◆ Assigned task ◆
Output the complete listing exactly.

◆ Supplied records ◆
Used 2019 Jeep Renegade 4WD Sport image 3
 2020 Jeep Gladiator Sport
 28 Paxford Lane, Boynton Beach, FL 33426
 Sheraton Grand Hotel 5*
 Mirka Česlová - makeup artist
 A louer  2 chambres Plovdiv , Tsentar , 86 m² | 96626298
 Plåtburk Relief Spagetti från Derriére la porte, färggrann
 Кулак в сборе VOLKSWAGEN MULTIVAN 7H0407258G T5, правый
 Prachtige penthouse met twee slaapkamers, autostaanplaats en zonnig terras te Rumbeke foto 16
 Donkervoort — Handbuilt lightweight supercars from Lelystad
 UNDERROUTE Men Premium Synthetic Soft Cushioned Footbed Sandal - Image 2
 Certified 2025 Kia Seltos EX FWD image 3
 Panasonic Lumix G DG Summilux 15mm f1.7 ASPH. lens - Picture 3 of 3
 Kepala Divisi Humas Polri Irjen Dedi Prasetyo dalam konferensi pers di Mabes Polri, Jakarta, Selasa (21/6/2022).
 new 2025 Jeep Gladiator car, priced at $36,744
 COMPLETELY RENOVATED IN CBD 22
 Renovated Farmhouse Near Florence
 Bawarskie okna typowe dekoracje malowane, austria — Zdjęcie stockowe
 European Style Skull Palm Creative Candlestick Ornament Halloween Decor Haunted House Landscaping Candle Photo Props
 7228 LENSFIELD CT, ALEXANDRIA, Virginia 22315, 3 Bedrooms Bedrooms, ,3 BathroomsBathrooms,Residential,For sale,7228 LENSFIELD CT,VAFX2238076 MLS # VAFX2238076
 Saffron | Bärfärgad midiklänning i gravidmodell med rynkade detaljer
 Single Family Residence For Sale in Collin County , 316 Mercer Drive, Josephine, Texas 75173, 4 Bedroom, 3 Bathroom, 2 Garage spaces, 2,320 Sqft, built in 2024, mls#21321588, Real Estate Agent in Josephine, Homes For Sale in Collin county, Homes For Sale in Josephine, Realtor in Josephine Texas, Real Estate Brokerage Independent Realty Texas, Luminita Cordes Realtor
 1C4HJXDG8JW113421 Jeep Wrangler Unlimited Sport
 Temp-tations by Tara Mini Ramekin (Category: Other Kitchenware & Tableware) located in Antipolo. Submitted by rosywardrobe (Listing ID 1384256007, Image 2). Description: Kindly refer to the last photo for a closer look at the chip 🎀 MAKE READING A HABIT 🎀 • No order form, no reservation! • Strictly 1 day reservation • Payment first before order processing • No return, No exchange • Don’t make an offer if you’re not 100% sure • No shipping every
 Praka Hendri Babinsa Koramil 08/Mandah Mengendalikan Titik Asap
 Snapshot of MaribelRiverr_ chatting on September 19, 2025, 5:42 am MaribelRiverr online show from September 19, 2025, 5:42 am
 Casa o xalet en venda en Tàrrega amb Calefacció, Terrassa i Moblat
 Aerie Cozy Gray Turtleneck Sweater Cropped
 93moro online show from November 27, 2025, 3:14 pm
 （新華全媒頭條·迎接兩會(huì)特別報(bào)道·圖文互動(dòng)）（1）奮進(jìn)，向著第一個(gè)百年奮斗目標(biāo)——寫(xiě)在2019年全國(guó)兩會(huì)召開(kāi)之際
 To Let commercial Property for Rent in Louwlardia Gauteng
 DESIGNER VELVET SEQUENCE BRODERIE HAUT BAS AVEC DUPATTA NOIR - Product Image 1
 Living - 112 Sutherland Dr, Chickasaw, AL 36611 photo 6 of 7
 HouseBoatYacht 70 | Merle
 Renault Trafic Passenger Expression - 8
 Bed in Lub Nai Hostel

◆ Result for this task ◆
Used 2019 Jeep Renegade 4WD Sport image 3
 2020 Jeep Gladiator Sport
 28 Paxford Lane, Boynton Beach, FL 33426
 Sheraton Grand Hotel 5*
 Mirka Česlová - makeup artist
 A louer  2 chambres Plovdiv , Tsentar , 86 m² | 96626298
 Plåtburk Relief Spagetti från Derriére la porte, färggrann
 Кулак в сборе VOLKSWAGEN MULTIVAN 7H0407258G T5, правый
 Prachtige penthouse met twee slaapkamers, autostaanplaats en zonnig terras te Rumbeke foto 16
 Donkervoort — Handbuilt lightweight supercars from Lelystad
 UNDERROUTE Men Premium Synthetic Soft Cushioned Footbed Sandal - Image 2
 Certified 2025 Kia Seltos EX FWD image 3
 Panasonic Lumix G DG Summilux 15mm f1.7 ASPH. lens - Picture 3 of 3
 Kepala Divisi Humas Polri Irjen Dedi Prasetyo dalam konferensi pers di Mabes Polri, Jakarta, Selasa (21/6/2022).
 new 2025 Jeep Gladiator car, priced at $36,744
 COMPLETELY RENOVATED IN CBD 22
 Renovated Farmhouse Near Florence
 Bawarskie okna typowe dekoracje malowane, austria — Zdjęcie stockowe
 European Style Skull Palm Creative Candlestick Ornament Halloween Decor Haunted House Landscaping Candle Photo Props
 7228 LENSFIELD CT, ALEXANDRIA, Virginia 22315, 3 Bedrooms Bedrooms, ,3 BathroomsBathrooms,Residential,For sale,7228 LENSFIELD CT,VAFX2238076 MLS # VAFX2238076
 Saffron | Bärfärgad midiklänning i gravidmodell med rynkade detaljer
 Single Family Residence For Sale in Collin County , 316 Mercer Drive, Josephine, Texas 75173, 4 Bedroom, 3 Bathroom, 2 Garage spaces, 2,320 Sqft, built in 2024, mls#21321588, Real Estate Agent in Josephine, Homes For Sale in Collin county, Homes For Sale in Josephine, Realtor in Josephine Texas, Real Estate Brokerage Independent Realty Texas, Luminita Cordes Realtor
 1C4HJXDG8JW113421 Jeep Wrangler Unlimited Sport
 Temp-tations by Tara Mini Ramekin (Category: Other Kitchenware & Tableware) located in Antipolo. Submitted by rosywardrobe (Listing ID 1384256007, Image 2). Description: Kindly refer to the last photo for a closer look at the chip 🎀 MAKE READING A HABIT 🎀 • No order form, no reservation! • Strictly 1 day reservation • Payment first before order processing • No return, No exchange • Don’t make an offer if you’re not 100% sure • No shipping every
 Praka Hendri Babinsa Koramil 08/Mandah Mengendalikan Titik Asap
 Snapshot of MaribelRiverr_ chatting on September 19, 2025, 5:42 am MaribelRiverr online show from September 19, 2025, 5:42 am
 Casa o xalet en venda en Tàrrega amb Calefacció, Terrassa i Moblat
 Aerie Cozy Gray Turtleneck Sweater Cropped
 93moro online show from November 27, 2025, 3:14 pm
 （新華全媒頭條·迎接兩會(huì)特別報(bào)道·圖文互動(dòng)）（1）奮進(jìn)，向著第一個(gè)百年奮斗目標(biāo)——寫(xiě)在2019年全國(guó)兩會(huì)召開(kāi)之際
 To Let commercial Property for Rent in Louwlardia Gauteng
 DESIGNER VELVET SEQUENCE BRODERIE HAUT BAS AVEC DUPATTA NOIR - Product Image 1
 Living - 112 Sutherland Dr, Chickasaw, AL 36611 photo 6 of 7
 HouseBoatYacht 70 | Merle
 Renault Trafic Passenger Expression - 8
 Bed in Lub Nai Hostel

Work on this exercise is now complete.